Director: Hiroshi Teshigahara
Country: JapanI'm going to jump back into reviews for this site with a look at a particularly unique science fiction film from Japan: Hiroshi Teshigahara's The Face of Another. It is one of many innovated films that emerged from the Japanese New Wave movement, which lasted from the late 1950s to the early 1970s and consisted of such well-known directors as Nagisa Oshima, Seijun Suzuki, Shohei Imamura and Teshigahara. Anyone who's familiar with even a few of the works produced by these filmmakers will know that they represented a fresh, young, rebellious spirit that arose in the Japanese film industry. Stylistic innovation and the examination of topics like controversial social issues and the lower class were very much at the top of their priorities, and a look at Teshigahara's film (the first of his I've seen) reveals those same characteristics.
The Face of Another marks one of four instances in which Teshigahara collaborated with author Kobo Abe, who wrote screen adaptations of his own works - the other three films being Pitfall (1962), Woman in the Dunes (1964) and The Ruined Map (1968).
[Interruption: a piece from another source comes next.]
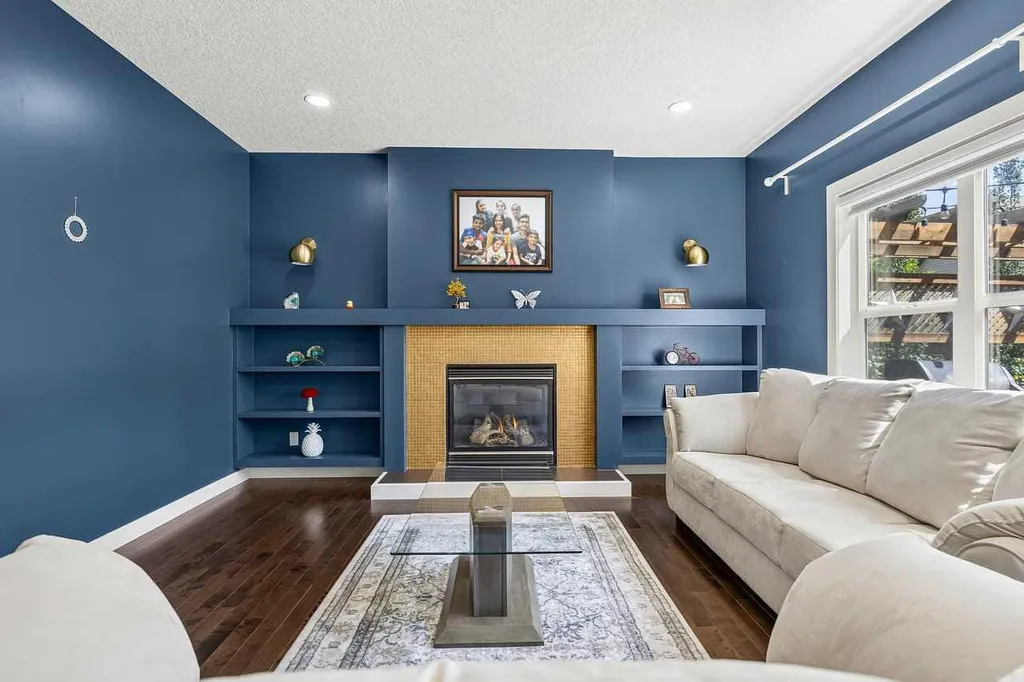 35 Copperleaf Crescent SE Calgary AB T2Z0B9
Frequently compared to Franz Kafka, he specialized in writing strange, existentialist stories about alienated individuals. The Face of Another thus seems like an archetypal Abe narrative: a man (the incredible Tatsuya Nakadai, who continues to impress me with every fresh performance I see) is disfigured beyond recognition in an industrial accident at his workplace. His face clad in bandages, he essentially gives up his former, "whole" self as dead and cynically resigns himself to living the rest of his life as a different person - a monster. His doctor (Mikijiro Hira) offers him an unconventional solution: a realistic mask that will give him a brand new face. But soon after acquiring and wearing the mask, the man starts to become psychologically affected by the prospect of a completely new identity and tests the possibilities that come with it.
The Face of Another is an extremely fascinating film for many reasons. The dynamic between its characters is compelling to watch as each of the supporting players react to the man's shifting attitude towards his disfigurement in different ways. The film proceeds not as a conventional protagonist-vs.-antagonist storyline, but more as a series of philosophical conversations in which matters like identity, the importance of appearance and how society operates based on such superficial concepts. Nakadai gets the majority of the most interesting dialogue, often spoken in the many wonderful scenes shared with Hira's doctor, who has his own motives for helping his patient. He often discusses the appeal of hiding one's identity from the outside world, and essentially uses Nakadai as a guinea pig to test his own ideas. This creates a most unusual relationship that absolutely hooks the viewer and makes up a crucial component of the film.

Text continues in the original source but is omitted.